# `dir-cache` - A very low-effort directory cache
A map-interface which propagates writes to disk
in a somewhat browsable format.
Designed to be simple to use and understand,
not particularly effective.
## Performance
Bad.
## Performance pt. 2
Okay if you write lazily to disk.
Since (potentially depending on options) each map operation corresponds to at least one
disk-operation, the map is ill-suited to high-frequency operations.
Since a specific value will net a disk-representation that is strictly larger than the raw content size.
Meaning, the `dir-cache` is space-inefficient.
Lastly, file-system specifics may make many keys perform poorly (I'm looking at you NTFS).
## Should be used when
You have some toy-project that's pinging an external
API and you want to easily just cache responses to certain requests
to reduce load on your counterparts servers, or similar.

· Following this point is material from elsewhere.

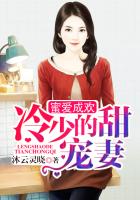 战爷晚安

## What you should check out for production use-cases
If you want an embedded KV-store in `Rust`, consider [Sled](https://docs.rs/sled/latest/sled/).
If you want an embedded KV-store not in `Rust`, consider [RocksDB (github)](https://github.com/facebook/rocksdb),
[RocksDB(docs.rs)](https://docs.rs/rocksdb/latest/rocksdb/).
If you want an embedded SQL-store, not in `Rust`, consider [Sqlite(website)](https://www.sqlite.org/index.html),
[Sync rust crate(Rusqlite)](https://crates.io/crates/rusqlite), [Async rust crate (Sqlx)](https://crates.io/crates/sqlx).
## Why
Now that the above is out of the way, we can get into why this crate exists.
I have in my time exploring public APIs using `Rust` encountered the same problem many times:
>I am exploring an API, taking apart the response and analysing it to inform my further code, but I don't want to
make a new web request each iteration out of both latency, and respect for my counterpart.
What I generally have done in these cases is saving the responses to disk and done offline analysis on them.
This works, but it's cumbersome, it's handling the same old `std::fs::...` errors, figuring out a fitting directory
structure, and worst of all, writing two separate parts of code, fetch and analyze.
### Raison d'etre
I want to write this:
```Rust
fn iterate_on_api_response_handling(dir_cache: &mut Cache) {
// This is preferably not dynamic
let req_key = Path::new("examplerequest");
// If this has run before then don't send an http request
let resp = dir_cache.get_or_insert_with(req_key, || {
let resp = http::client::get("https://example.com")?;
Ok(resp)
});
// Mess around with resp here
println!("Got length {}", resp.len());
}
```
With the above, both the fetching and analyzing code can be kept in the same place.
## Features
The feature set is kept fairly minimal to support the above use case.
### Map like interface
There are `get`, `get_or_insert_with`, `insert`, and `remove` methods on the `DirCache` .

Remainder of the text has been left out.